Waynesburg University’s Glenn A. and Jane L. Crosby Humanities Lectureship recently hosted Dr. Kerry Hipps, Regents Professor of Chemistry and Materials Science and Engineering at Washington State University.
The event was attended by a number of Waynesburg University students, which included both science and non-science related majors, as well as faculty members.
Dr. Hipps’ lecture, “Chemistry: One Molecule at a Time,” explained his work with Scanning Tunneling Microscopy, a method used to look at very small surface features.
“Dr. Hipps uses the technique to carry out chemical analysis at the surface [because] it is very hard to ‘see’ individual atoms and molecules,” Dr. Evonne Baldauff, chair of the Department of Chemistry and Forensic Science, explained. “His work is very important because it helps scientists to begin to understand more how individual molecules behave.”
In addition to explaining what Scanning Tunneling Microscopy is and what it can be used for, Dr. Hipps discussed other methods for performing the same work.
“Dr. Hipps briefly discussed that chemists are developing new methods in which not just solid materials but solutions can be investigated,” Dr. Baldauff said.
During his lecture, he also shared how his journey to becoming a prominent chemist was not “typical.”
“He actually thought he was going to be a journalist before switching to pre-veterinary studies and finally found his interest in chemistry. From there he went on to pursue graduate school,” Dr. Baldauff explained.
While a graduate student at Washington State University, Dr. Hipps worked alongside Dr. Glenn Crosby and his wife, Jane. This close relationship to Dr. Crosby and his wife was one of the main reasons Dr. Hipps came to speak at the Crosby Lecture.
Dr. Hipps was also chosen because of his success and prominence in his field of work.
He has won multitude awards from the American Chemical Society, Washington State University and other prestigious groups, and has acquired funding from the National Science Foundation as well.
“The opportunity to hear [Dr. Hipps] speak was something I could not pass up, especially as a major in biochemistry,” Andrew Gordon, sophomore biochemistry major, said. “Furthermore, I had the opportunity to talk to Dr.

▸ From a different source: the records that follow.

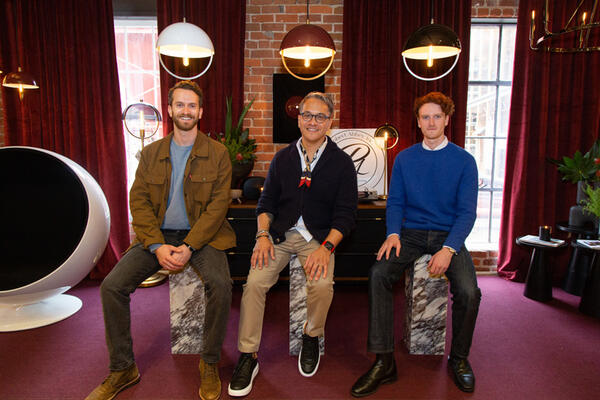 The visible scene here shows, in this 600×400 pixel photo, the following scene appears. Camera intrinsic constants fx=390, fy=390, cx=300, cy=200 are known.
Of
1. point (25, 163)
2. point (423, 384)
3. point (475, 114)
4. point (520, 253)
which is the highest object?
point (475, 114)

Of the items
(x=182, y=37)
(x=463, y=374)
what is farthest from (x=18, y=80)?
(x=463, y=374)

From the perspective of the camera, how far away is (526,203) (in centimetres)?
340

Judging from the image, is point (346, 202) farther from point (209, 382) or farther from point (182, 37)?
point (182, 37)

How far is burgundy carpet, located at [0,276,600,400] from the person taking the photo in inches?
73.1

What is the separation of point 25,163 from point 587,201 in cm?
393

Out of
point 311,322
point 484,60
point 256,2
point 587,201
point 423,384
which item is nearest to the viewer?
point 423,384

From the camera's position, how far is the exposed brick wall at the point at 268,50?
3.33 meters

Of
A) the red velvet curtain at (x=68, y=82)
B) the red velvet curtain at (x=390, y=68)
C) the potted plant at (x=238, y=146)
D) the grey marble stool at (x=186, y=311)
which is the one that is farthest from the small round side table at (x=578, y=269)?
the red velvet curtain at (x=68, y=82)

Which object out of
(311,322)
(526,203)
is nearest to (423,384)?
(311,322)

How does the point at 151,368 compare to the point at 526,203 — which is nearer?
the point at 151,368

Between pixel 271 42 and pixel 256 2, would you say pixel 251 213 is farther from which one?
pixel 256 2

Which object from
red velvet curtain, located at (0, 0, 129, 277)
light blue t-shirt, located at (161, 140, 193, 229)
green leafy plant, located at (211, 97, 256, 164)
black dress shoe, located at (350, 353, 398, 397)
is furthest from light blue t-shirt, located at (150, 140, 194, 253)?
red velvet curtain, located at (0, 0, 129, 277)

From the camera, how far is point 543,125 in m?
3.27

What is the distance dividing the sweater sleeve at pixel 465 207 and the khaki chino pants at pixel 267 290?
2.14ft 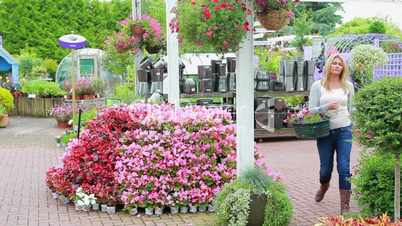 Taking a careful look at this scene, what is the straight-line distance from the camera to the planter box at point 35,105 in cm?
2216

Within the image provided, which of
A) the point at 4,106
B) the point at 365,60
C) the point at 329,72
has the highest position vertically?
the point at 365,60

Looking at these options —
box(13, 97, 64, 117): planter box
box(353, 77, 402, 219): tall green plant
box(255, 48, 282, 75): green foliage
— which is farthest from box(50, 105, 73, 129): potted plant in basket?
box(353, 77, 402, 219): tall green plant

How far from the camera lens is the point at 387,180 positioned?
5.80 metres

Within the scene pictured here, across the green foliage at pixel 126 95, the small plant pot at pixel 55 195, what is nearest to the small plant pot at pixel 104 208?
the small plant pot at pixel 55 195

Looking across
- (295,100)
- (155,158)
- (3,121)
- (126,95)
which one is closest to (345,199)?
(155,158)

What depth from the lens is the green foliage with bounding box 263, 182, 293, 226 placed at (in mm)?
6016

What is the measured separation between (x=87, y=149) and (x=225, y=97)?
7.74m

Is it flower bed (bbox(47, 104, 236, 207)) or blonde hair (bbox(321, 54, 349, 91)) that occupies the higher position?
blonde hair (bbox(321, 54, 349, 91))

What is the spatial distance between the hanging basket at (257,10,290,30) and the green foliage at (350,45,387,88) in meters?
9.52

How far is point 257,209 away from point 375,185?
3.81 feet

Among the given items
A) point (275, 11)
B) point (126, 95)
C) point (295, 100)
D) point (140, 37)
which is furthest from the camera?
point (295, 100)

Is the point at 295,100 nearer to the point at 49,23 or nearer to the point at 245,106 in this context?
the point at 245,106

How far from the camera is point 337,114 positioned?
693cm

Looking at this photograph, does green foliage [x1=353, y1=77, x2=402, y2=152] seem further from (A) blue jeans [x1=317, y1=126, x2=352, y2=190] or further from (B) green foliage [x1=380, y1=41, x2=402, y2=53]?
(B) green foliage [x1=380, y1=41, x2=402, y2=53] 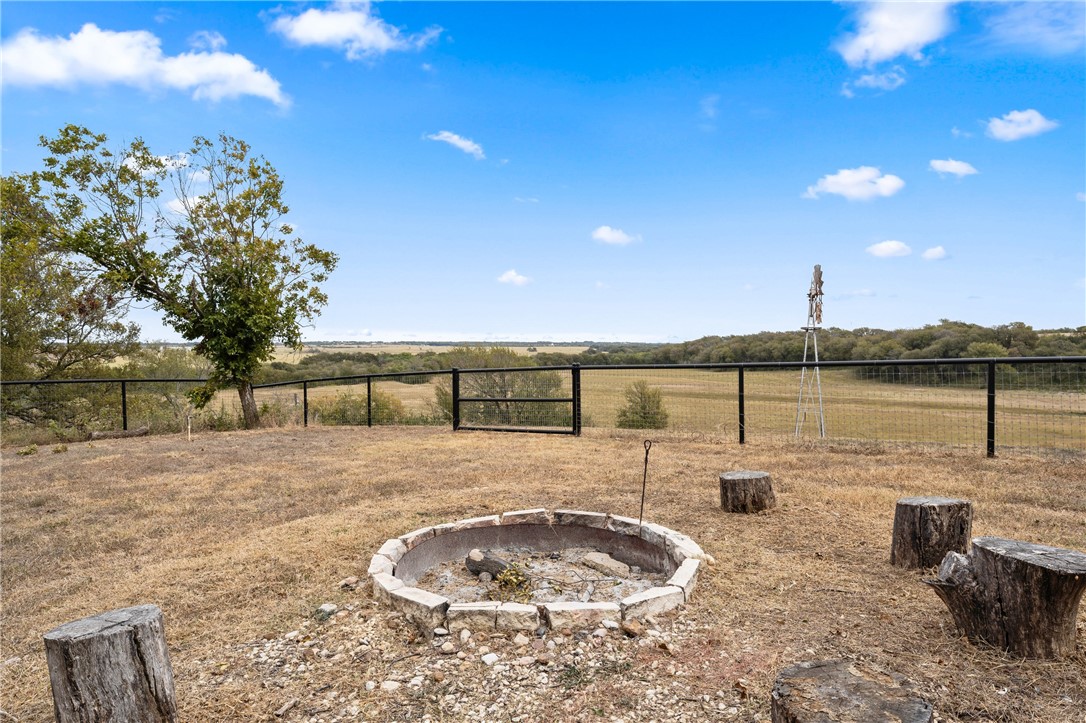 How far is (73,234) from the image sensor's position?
1104cm

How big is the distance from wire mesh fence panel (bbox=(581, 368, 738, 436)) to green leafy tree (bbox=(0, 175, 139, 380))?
9803 millimetres

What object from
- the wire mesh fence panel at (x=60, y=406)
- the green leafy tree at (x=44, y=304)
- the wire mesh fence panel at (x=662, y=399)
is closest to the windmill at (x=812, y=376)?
the wire mesh fence panel at (x=662, y=399)

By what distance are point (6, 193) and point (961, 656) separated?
15.3 m

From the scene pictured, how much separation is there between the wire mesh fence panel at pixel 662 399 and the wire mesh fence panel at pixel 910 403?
1.49 metres

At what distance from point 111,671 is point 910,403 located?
26.2ft

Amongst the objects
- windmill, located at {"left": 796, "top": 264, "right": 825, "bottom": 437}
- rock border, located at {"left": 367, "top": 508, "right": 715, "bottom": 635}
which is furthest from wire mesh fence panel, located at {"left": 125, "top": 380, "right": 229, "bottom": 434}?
windmill, located at {"left": 796, "top": 264, "right": 825, "bottom": 437}

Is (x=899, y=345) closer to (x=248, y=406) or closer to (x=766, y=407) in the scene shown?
(x=766, y=407)

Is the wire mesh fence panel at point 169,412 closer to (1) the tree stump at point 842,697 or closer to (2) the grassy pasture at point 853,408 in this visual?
(2) the grassy pasture at point 853,408

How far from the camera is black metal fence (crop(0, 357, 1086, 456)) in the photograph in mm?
6371

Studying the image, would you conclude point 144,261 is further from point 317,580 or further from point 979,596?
point 979,596

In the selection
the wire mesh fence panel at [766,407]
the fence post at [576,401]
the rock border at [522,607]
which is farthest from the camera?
the fence post at [576,401]

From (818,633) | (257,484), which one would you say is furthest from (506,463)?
(818,633)

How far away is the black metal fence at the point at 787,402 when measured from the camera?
251 inches

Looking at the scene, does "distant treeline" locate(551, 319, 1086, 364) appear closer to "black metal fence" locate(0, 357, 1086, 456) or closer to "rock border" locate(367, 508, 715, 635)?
"black metal fence" locate(0, 357, 1086, 456) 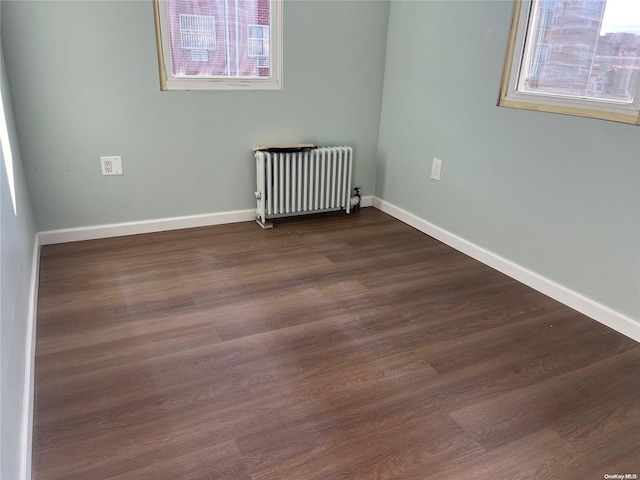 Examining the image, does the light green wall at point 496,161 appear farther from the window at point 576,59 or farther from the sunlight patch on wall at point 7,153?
the sunlight patch on wall at point 7,153

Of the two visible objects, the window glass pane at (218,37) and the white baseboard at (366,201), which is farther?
the white baseboard at (366,201)

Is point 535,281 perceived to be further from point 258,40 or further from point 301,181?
point 258,40

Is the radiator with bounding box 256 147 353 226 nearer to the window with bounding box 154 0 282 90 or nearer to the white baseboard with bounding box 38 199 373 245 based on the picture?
the white baseboard with bounding box 38 199 373 245

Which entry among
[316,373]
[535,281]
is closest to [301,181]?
[535,281]


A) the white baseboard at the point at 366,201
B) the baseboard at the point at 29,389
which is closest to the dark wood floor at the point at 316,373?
the baseboard at the point at 29,389

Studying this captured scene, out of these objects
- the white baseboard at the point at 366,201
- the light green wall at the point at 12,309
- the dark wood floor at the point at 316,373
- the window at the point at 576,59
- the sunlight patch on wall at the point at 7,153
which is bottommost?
the dark wood floor at the point at 316,373

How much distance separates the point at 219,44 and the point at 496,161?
1.82 meters

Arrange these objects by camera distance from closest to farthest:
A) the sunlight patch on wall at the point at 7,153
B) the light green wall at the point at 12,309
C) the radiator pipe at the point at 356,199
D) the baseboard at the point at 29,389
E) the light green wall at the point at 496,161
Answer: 1. the light green wall at the point at 12,309
2. the baseboard at the point at 29,389
3. the sunlight patch on wall at the point at 7,153
4. the light green wall at the point at 496,161
5. the radiator pipe at the point at 356,199

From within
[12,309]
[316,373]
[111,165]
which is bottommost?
[316,373]

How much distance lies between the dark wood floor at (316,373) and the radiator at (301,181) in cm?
59

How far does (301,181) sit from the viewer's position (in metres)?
3.26

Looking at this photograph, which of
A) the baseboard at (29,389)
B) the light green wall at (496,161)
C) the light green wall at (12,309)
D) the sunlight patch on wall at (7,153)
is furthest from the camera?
the light green wall at (496,161)

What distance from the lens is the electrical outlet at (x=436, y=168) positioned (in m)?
3.04

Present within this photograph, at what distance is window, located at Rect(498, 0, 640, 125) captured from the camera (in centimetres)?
199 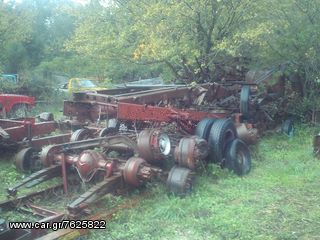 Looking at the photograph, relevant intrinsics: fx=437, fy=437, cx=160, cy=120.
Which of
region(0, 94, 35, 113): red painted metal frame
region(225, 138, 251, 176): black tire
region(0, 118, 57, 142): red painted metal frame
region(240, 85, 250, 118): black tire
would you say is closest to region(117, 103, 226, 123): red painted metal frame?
region(225, 138, 251, 176): black tire

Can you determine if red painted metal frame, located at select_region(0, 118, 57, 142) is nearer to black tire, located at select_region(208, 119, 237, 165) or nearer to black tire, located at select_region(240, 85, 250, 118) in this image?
black tire, located at select_region(208, 119, 237, 165)

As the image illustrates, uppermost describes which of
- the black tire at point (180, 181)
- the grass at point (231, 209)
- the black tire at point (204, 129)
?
the black tire at point (204, 129)

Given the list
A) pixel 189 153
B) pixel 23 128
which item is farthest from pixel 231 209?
pixel 23 128

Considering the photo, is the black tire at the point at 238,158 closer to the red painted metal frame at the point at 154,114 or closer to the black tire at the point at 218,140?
the black tire at the point at 218,140

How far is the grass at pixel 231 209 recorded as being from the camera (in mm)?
5293

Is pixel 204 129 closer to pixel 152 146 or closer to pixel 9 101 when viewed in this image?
pixel 152 146

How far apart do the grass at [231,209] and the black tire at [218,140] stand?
269mm

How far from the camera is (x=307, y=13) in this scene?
11609 mm

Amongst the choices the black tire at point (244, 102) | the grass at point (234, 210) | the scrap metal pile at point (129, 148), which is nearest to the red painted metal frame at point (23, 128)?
the scrap metal pile at point (129, 148)

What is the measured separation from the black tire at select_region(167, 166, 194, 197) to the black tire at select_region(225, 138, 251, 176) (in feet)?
4.43

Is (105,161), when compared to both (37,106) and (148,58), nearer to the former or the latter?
(148,58)

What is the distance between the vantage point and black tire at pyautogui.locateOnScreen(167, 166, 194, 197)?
21.1 ft

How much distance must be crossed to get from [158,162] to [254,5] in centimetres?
617

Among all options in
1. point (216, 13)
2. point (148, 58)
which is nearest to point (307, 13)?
point (216, 13) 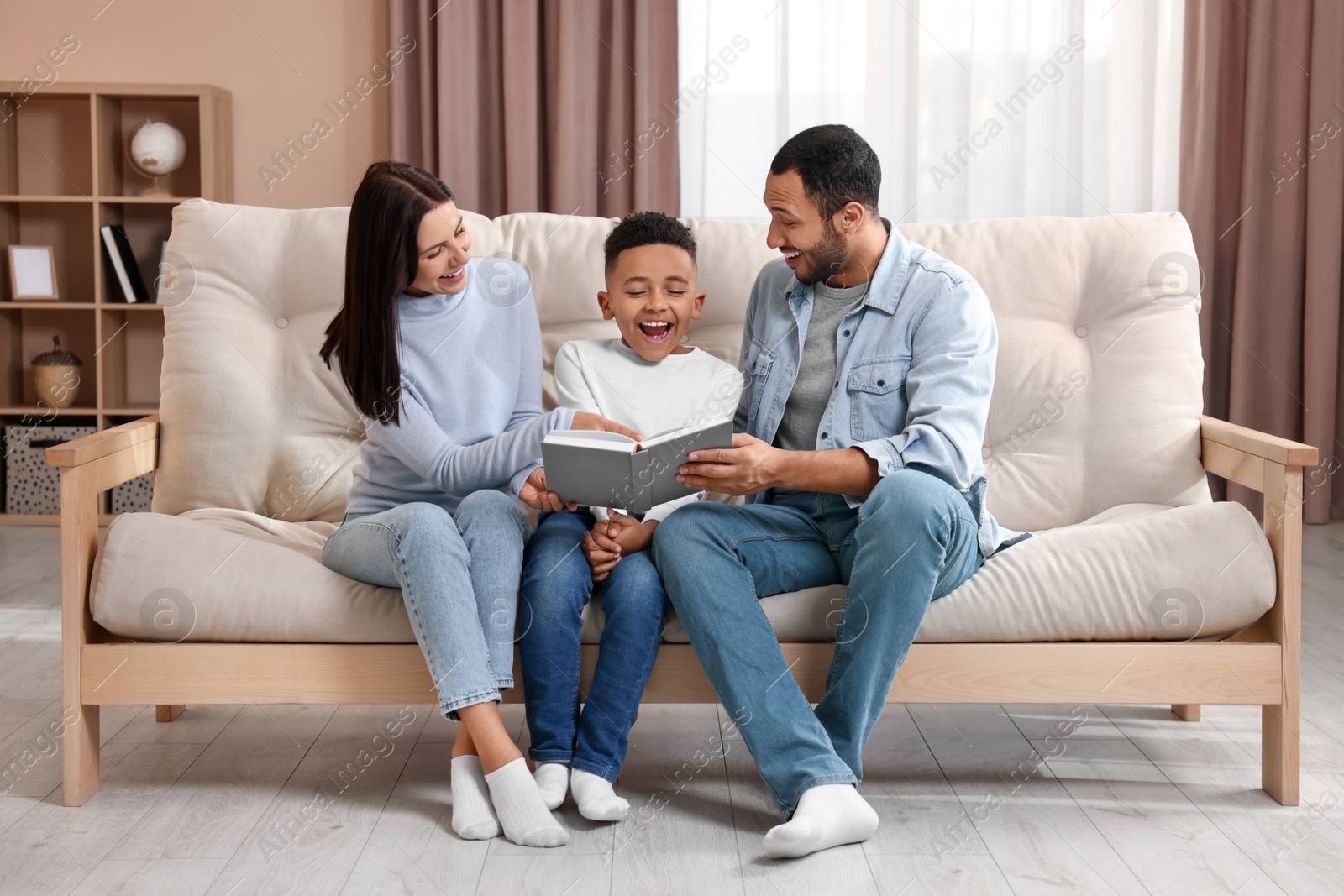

Hipps after his lecture regarding his own research experience, as well as a little bit about what I could expect from a graduate school such as Washington State University. The ability to forge a new connection was more than sufficient to convince me to attend the lecture event.”
The Crosby Lecture Series is funded by Glenn A. and Jane Lichtenfels Crosby, 1950 magna cum laude graduates of Waynesburg University, and brings visiting scholars to the University who are distinguished in their disciplines.